Re: Remaining dependency on setlocale()

From: Thomas Munro <thomas(dot)munro(at)gmail(dot)com>
To: Jeff Davis <pgsql(at)j-davis(dot)com>
Cc: Tom Lane <tgl(at)sss(dot)pgh(dot)pa(dot)us>, pgsql-hackers(at)postgresql(dot)org
Subject: Re: Remaining dependency on setlocale()
Date: 2024-08-12 03:24:01
Message-ID: CA+hUKGLZ8A_j+UQidb2yKeUQm_FOYz3HgZRES21YOOZBT88pZQ@mail.gmail.com
Views: Raw Message | Whole Thread | Download mbox | Resend email
Thread:
Lists: pgsql-hackers

On Thu, Aug 8, 2024 at 5:16 AM Jeff Davis <pgsql(at)j-davis(dot)com> wrote:
> On Wed, 2024-08-07 at 19:07 +1200, Thomas Munro wrote:
> > How far can we get by using more _l() functions?
>
> There are a ton of calls to, for example, isspace(), used mostly for
> parsing.
>
> I wouldn't expect a lot of differences in behavior from locale to
> locale, like might be the case with iswspace(), but behavior can be
> different at least in theory.
>
> So I guess we're stuck with setlocale()/uselocale() for a while, unless
> we're able to move most of those call sites over to an ascii-only
> variant.

Here are two more cases that I don't think I've seen discussed.

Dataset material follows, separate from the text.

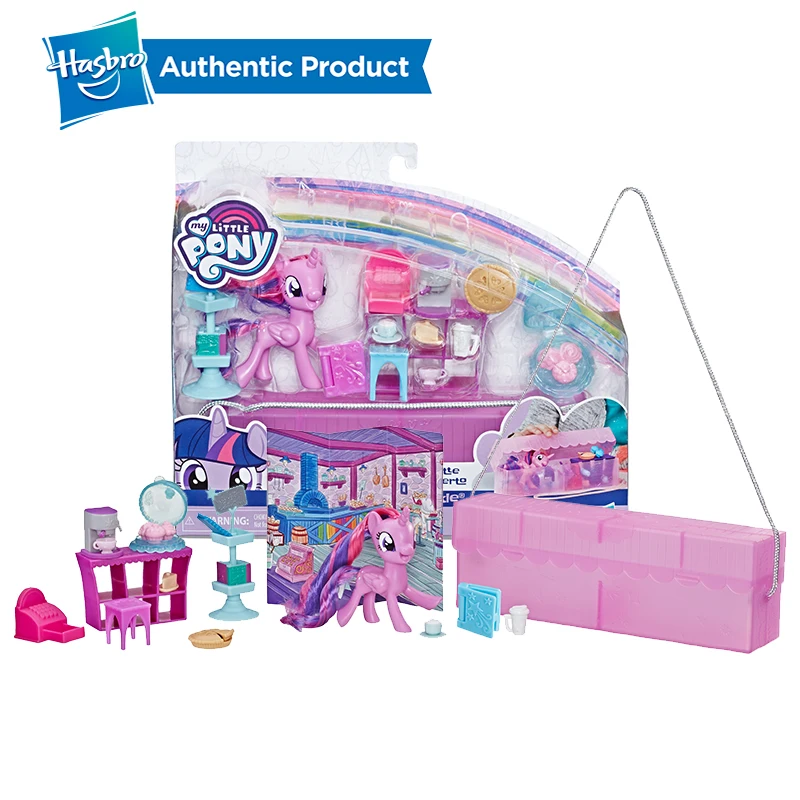 Hasbro 7 62 см My Little Pony On The Go AST Рарити сумеречные сверкающие Фигурки Коллекционная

1. The nl_langinfo() call in pg_get_encoding_from_locale(), can
probably be changed to nl_langinfo_l() (it is everywhere we currently
care about except Windows, which has a different already-thread-safe
alternative; AIX seems to lack the _l version, but someone writing a
patch to re-add support for that OS could supply the configure goo for
a uselocale() safe/restore implementation). One problem is that it
has callers that pass it NULL meaning the backend default, but we'd
perhaps use LC_C_GLOBAL for now and have to think about where we get
the database default locale_t in the future.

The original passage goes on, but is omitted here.